**Data extract:**
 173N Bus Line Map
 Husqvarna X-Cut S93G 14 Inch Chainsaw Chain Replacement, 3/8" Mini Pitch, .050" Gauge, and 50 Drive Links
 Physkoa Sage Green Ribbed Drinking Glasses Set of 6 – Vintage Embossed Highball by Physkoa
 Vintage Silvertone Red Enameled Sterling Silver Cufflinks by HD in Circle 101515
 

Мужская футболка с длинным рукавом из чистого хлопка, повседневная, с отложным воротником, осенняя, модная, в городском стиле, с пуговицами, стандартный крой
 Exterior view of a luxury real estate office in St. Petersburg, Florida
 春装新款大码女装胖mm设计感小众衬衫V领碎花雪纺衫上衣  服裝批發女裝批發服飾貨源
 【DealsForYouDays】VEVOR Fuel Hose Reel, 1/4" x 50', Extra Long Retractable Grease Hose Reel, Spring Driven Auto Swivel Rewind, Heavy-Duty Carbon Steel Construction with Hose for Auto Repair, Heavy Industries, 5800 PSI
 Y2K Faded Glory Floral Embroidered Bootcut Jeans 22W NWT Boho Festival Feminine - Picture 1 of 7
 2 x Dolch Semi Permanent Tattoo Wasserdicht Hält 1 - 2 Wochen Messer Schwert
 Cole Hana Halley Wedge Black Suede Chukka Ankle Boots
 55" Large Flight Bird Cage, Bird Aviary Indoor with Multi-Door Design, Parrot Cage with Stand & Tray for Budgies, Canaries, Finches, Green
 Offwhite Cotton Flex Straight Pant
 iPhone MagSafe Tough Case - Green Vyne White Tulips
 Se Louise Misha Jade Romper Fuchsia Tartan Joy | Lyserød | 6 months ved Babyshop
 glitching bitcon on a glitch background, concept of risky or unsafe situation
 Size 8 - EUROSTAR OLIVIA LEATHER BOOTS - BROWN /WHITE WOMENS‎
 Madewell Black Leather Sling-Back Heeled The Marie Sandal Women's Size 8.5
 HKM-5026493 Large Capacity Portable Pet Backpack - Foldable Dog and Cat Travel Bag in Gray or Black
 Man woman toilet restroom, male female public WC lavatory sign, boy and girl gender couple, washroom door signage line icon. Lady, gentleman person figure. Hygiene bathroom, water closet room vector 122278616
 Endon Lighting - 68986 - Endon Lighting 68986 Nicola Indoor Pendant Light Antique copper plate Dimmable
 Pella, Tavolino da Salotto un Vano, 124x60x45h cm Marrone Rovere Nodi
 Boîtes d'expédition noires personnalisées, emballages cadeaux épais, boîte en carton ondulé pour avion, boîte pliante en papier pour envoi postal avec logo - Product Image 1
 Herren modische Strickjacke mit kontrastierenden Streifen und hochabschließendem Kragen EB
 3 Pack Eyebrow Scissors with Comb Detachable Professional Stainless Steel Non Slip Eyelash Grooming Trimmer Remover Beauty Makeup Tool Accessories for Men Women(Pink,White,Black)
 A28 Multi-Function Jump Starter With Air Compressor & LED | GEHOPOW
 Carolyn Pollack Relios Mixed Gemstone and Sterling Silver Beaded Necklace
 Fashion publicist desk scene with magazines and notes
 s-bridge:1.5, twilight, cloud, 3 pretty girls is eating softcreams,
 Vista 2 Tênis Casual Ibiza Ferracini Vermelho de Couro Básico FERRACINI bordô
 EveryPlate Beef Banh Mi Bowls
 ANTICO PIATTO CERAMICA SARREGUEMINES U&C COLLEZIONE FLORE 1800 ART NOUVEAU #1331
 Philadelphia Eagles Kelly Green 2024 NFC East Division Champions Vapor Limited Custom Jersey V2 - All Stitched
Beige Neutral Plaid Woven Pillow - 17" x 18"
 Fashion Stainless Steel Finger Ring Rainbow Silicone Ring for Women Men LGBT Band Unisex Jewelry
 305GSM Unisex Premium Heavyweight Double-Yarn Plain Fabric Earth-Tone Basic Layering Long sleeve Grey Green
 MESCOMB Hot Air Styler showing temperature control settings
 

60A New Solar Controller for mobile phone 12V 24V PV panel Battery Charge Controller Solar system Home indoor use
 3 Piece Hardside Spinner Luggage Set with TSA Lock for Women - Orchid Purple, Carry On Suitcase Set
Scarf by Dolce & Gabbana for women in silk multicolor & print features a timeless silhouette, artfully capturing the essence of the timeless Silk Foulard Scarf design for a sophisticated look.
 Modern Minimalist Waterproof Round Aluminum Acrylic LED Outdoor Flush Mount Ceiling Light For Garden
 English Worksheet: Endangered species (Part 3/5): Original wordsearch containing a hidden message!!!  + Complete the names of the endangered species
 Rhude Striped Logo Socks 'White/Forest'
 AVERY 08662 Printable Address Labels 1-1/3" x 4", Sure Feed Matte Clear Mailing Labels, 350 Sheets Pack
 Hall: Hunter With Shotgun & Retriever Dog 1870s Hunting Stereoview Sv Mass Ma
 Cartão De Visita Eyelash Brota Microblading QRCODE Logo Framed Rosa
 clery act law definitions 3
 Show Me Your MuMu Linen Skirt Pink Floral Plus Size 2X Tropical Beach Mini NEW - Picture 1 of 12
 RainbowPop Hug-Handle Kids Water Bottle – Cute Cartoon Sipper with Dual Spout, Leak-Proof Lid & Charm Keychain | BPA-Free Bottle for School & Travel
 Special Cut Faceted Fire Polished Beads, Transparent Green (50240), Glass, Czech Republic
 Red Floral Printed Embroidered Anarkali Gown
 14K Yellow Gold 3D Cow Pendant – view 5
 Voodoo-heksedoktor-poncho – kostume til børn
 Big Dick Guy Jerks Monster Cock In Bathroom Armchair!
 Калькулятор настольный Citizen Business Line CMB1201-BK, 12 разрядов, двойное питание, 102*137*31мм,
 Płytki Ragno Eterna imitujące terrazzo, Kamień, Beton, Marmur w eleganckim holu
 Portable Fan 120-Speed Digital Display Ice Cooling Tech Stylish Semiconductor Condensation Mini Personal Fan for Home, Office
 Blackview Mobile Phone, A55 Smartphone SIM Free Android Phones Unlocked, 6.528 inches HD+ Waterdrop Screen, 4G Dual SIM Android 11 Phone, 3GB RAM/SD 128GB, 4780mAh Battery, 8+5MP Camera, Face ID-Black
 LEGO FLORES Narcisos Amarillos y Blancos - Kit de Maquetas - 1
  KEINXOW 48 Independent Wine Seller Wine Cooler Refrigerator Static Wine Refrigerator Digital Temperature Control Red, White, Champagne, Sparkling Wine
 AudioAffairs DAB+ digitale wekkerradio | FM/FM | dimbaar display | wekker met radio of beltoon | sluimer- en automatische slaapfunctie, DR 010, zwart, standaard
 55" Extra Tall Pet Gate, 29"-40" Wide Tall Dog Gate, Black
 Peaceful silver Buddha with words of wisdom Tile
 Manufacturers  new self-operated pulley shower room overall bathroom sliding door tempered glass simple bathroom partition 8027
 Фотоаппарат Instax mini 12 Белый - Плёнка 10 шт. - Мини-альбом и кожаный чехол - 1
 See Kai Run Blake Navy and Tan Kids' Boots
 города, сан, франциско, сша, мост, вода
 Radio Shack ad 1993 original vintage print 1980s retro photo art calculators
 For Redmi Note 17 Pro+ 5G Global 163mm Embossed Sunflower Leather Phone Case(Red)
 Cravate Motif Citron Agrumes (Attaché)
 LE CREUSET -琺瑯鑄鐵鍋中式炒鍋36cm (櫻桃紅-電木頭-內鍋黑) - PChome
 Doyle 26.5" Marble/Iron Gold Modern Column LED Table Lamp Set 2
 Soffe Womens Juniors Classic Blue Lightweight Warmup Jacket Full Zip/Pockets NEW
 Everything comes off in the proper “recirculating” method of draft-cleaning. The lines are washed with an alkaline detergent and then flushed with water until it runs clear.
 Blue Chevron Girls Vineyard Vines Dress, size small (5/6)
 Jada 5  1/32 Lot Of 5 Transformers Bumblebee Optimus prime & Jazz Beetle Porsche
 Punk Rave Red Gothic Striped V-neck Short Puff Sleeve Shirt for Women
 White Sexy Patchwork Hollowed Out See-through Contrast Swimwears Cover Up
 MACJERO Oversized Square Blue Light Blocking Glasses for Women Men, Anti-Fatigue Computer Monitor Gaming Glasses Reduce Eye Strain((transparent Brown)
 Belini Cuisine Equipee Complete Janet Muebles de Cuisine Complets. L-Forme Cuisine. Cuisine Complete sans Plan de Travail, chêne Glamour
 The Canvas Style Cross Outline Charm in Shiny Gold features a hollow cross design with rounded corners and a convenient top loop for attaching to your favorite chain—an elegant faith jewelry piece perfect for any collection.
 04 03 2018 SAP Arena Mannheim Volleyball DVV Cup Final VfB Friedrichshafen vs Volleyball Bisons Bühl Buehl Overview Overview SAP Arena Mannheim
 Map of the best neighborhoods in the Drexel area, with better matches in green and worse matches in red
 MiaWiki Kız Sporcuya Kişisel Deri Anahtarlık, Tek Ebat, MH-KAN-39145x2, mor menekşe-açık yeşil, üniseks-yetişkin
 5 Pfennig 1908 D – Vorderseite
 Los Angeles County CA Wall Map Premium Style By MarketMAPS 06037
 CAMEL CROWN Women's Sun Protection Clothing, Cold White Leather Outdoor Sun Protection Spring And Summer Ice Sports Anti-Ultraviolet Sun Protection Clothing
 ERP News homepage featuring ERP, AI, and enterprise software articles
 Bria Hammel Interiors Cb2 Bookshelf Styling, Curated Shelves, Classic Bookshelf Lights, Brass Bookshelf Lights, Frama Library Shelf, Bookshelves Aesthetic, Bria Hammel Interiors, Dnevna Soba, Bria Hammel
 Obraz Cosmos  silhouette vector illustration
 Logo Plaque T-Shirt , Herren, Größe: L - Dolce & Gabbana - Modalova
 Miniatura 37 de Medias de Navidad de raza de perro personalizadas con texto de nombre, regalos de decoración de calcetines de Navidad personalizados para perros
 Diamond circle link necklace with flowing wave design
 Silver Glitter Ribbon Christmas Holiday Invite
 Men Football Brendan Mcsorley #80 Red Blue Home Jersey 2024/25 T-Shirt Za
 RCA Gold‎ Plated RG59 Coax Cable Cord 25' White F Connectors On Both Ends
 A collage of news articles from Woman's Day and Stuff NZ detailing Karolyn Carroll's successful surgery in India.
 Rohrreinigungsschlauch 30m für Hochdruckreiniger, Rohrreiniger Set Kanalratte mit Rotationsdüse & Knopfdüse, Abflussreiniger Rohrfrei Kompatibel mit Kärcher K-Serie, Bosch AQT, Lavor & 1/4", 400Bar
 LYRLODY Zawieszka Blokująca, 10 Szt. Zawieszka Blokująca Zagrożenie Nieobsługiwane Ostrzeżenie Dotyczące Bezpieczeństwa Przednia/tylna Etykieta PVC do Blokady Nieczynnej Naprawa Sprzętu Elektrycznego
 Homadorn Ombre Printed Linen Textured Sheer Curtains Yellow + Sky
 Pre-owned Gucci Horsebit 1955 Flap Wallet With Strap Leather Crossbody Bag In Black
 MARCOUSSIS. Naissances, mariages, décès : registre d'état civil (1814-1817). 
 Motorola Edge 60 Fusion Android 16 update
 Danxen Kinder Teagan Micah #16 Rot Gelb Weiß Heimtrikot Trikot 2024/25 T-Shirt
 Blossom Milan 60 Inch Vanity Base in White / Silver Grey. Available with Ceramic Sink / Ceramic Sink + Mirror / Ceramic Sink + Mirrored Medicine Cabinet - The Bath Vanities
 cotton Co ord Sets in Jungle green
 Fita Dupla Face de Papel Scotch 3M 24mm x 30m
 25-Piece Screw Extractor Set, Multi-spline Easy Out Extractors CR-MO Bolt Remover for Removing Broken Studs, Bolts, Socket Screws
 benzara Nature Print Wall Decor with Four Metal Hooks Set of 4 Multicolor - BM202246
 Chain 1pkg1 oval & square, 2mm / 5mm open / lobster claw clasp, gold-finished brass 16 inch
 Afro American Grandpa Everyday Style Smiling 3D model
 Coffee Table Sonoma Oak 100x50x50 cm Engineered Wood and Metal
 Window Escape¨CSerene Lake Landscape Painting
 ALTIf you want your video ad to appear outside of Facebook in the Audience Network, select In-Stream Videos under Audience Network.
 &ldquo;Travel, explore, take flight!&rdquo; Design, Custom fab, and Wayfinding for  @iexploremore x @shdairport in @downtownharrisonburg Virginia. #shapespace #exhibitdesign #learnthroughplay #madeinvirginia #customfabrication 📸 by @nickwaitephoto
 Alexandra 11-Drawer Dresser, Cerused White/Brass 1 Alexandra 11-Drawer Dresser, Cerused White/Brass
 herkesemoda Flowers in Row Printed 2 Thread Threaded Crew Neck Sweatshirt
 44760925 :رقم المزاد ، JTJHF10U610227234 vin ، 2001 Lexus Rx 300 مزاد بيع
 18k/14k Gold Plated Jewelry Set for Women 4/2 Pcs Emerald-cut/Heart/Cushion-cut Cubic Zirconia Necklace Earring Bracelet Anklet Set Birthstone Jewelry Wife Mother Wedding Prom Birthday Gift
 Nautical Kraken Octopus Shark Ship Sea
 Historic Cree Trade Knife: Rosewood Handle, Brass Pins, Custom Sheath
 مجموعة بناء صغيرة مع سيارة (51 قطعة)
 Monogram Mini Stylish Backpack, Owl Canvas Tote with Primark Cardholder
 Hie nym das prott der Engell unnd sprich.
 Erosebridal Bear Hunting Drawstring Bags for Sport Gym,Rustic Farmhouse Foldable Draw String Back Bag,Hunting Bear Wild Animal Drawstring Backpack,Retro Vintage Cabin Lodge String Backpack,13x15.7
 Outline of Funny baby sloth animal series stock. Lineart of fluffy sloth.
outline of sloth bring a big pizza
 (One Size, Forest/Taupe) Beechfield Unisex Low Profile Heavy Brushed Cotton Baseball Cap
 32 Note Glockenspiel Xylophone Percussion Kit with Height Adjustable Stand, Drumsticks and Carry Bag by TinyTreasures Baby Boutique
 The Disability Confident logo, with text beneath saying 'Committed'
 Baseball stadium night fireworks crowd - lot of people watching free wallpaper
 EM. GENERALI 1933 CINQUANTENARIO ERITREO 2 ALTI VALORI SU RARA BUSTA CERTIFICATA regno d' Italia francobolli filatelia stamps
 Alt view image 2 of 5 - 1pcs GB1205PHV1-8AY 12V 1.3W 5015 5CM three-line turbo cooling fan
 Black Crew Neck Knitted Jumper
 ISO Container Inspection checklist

**Exercise brief:** Your answer must consist of every line from the listing that holds the string "Eyelash".

**Response:**
 3 Pack Eyebrow Scissors with Comb Detachable Professional Stainless Steel Non Slip Eyelash Grooming Trimmer Remover Beauty Makeup Tool Accessories for Men Women(Pink,White,Black)
 Cartão De Visita Eyelash Brota Microblading QRCODE Logo Framed Rosa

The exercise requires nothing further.